The number 8 of Radio Amateur magazine for 1924 was dedicated to Losev's "cristadine". The word “cristadine” was composed of the words “crystal” and “local oscillator”, and the “cristadine effect” was that when a negative bias was applied to the crystal of zincite (ZnO), the crystal began to generate undamped oscillations.



There was no theoretical justification for the effect. Losev himself believed that the effect is due to the presence of a microscopic "voltaic arc" at the point of contact of the zincite crystal with the steel wire.



The discovery of the "cristadine effect" opened up exciting prospects in radio engineering ...

... but it turned out as always ...

In 1922, Losev demonstrated the results of his research on the use of a crystalline detector as a generator of undamped oscillations. The publication on the topic of the report shows laboratory test schemes and a mathematical apparatus for processing research material. Let me remind you that Oleg at that time was not yet 19 years old.











The figure shows the test circuit of "cristadine" and its "N-shaped" current-voltage characteristic, typical of tunnel diodes. That Oleg Vladimirovich Losev was the first to apply the tunnel effect in semiconductors in practice, it became clear only after the war. This is not to say that in modern circuitry tunnel diodes are widely used, but a number of solutions to them successfully work on microwave.

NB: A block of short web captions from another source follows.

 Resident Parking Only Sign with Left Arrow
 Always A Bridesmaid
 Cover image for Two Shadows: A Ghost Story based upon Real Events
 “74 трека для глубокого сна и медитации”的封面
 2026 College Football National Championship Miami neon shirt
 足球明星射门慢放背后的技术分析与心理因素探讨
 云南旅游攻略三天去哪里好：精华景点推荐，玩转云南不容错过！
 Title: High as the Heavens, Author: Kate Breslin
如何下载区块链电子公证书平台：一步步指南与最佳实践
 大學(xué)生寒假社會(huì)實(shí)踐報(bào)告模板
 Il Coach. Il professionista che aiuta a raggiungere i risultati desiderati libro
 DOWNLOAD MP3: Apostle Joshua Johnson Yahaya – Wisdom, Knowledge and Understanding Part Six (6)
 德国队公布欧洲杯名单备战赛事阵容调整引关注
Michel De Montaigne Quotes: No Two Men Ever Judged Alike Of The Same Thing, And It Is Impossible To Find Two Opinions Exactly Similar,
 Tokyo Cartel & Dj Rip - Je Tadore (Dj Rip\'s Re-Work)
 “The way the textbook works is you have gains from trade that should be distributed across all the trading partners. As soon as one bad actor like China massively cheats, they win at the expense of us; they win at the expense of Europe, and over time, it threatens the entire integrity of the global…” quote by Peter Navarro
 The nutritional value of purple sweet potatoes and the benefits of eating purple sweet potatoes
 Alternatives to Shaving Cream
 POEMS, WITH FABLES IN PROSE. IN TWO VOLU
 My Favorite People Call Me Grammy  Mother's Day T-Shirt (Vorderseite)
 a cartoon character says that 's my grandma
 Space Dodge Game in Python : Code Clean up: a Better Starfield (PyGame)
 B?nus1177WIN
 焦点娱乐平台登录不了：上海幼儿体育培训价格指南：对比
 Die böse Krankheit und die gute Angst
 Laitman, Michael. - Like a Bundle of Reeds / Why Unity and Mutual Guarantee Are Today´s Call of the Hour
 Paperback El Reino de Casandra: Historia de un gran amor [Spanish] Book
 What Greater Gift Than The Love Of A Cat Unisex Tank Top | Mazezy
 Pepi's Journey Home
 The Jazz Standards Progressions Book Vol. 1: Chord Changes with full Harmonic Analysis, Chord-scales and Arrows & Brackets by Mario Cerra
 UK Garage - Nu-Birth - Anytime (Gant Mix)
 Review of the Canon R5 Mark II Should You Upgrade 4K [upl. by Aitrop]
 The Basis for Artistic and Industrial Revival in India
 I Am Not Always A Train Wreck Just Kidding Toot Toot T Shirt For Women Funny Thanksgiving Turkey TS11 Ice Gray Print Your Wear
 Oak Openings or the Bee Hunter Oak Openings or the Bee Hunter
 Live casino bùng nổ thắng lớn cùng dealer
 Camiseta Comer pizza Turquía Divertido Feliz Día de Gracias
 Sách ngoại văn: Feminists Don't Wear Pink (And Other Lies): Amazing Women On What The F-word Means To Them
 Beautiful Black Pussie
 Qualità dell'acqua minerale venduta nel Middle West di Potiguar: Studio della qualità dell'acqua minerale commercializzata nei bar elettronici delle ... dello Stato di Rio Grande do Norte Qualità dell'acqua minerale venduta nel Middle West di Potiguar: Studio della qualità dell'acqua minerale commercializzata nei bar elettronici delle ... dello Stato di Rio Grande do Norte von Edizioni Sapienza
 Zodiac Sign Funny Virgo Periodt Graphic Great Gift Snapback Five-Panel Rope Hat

A new breakthrough in radio electronics did not happen: then all the forces of the industry were then devoted to improving radio tubes. Radio tubes successfully supplanted electric cars and arc arresters from transmitting radio equipment. Lamp radios worked more steadily and became cheaper. Therefore, by professional radio technicians, “cristadine” was then considered as a curiosity: a heterodyne receiver without a lamp, you have to!



For radio amateurs, the design of the cristadine turned out to be complicated: a battery was required to supply bias voltage to the crystal, a potentiometer was required to set the bias, and another coil was required to search for crystal generating points.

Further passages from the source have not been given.